Segment Start: SOURCE DATA

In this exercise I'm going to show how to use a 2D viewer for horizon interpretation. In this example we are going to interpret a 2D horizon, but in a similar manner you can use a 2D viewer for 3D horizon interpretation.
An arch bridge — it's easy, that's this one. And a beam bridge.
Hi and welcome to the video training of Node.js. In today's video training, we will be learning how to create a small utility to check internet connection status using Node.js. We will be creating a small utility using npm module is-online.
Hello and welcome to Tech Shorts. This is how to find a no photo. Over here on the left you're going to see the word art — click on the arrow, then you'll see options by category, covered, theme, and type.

Segment End: SOURCE DATA
Segment Start: SOURCE DATA

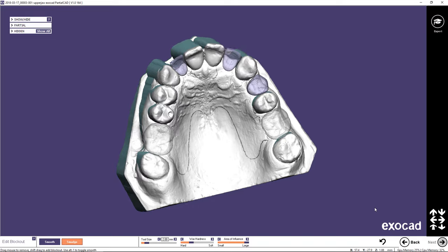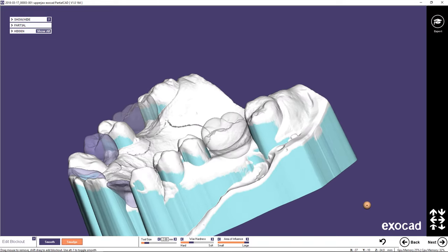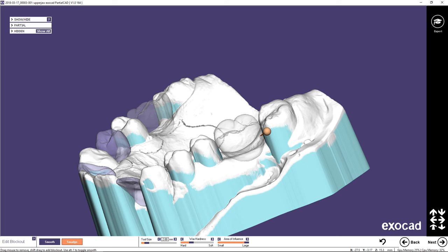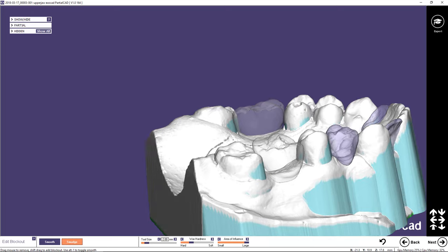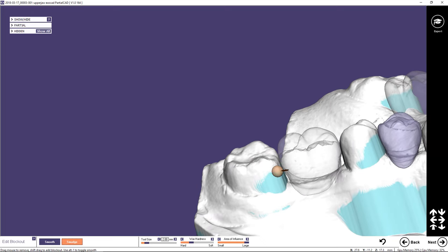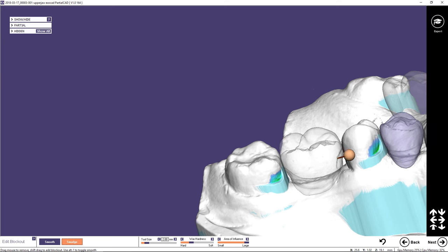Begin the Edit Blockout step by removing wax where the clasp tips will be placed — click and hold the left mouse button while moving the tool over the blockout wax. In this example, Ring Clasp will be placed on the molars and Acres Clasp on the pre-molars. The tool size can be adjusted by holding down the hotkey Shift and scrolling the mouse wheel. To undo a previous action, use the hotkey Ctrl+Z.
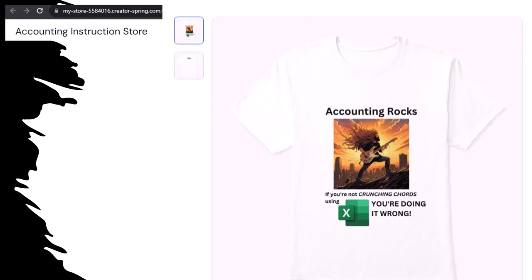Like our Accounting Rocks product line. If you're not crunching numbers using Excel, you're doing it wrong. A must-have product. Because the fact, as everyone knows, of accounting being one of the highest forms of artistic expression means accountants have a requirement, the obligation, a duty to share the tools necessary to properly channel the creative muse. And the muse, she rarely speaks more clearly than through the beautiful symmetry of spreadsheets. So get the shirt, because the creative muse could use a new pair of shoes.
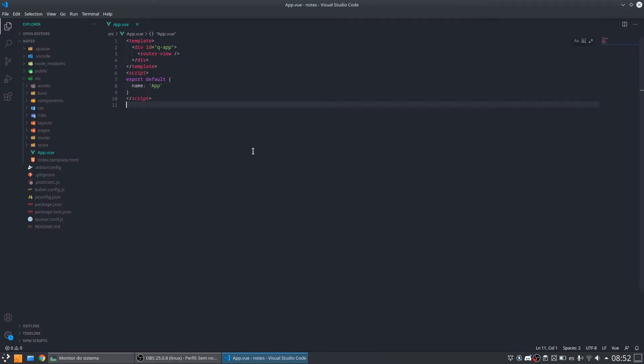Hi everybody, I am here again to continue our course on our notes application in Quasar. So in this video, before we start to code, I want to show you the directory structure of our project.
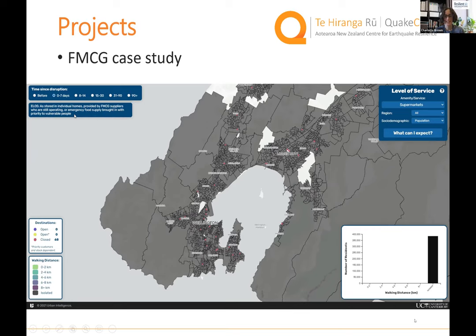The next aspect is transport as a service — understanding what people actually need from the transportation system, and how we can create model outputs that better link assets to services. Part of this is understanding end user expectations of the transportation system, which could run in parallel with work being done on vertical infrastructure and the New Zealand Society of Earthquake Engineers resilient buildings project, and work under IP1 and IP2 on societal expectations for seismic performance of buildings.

Segment End: SOURCE DATA

- WORK TASK
Copy the records above exactly, beginning at the line that contains "Hi and welcome" and stopping after the line that contains "Hello and welcome".

- ANSWER SECTION
Hi and welcome to the video training of Node.js. In today's video training, we will be learning how to create a small utility to check internet connection status using Node.js. We will be creating a small utility using npm module is-online.
Hello and welcome to Tech Shorts. This is how to find a no photo. Over here on the left you're going to see the word art — click on the arrow, then you'll see options by category, covered, theme, and type.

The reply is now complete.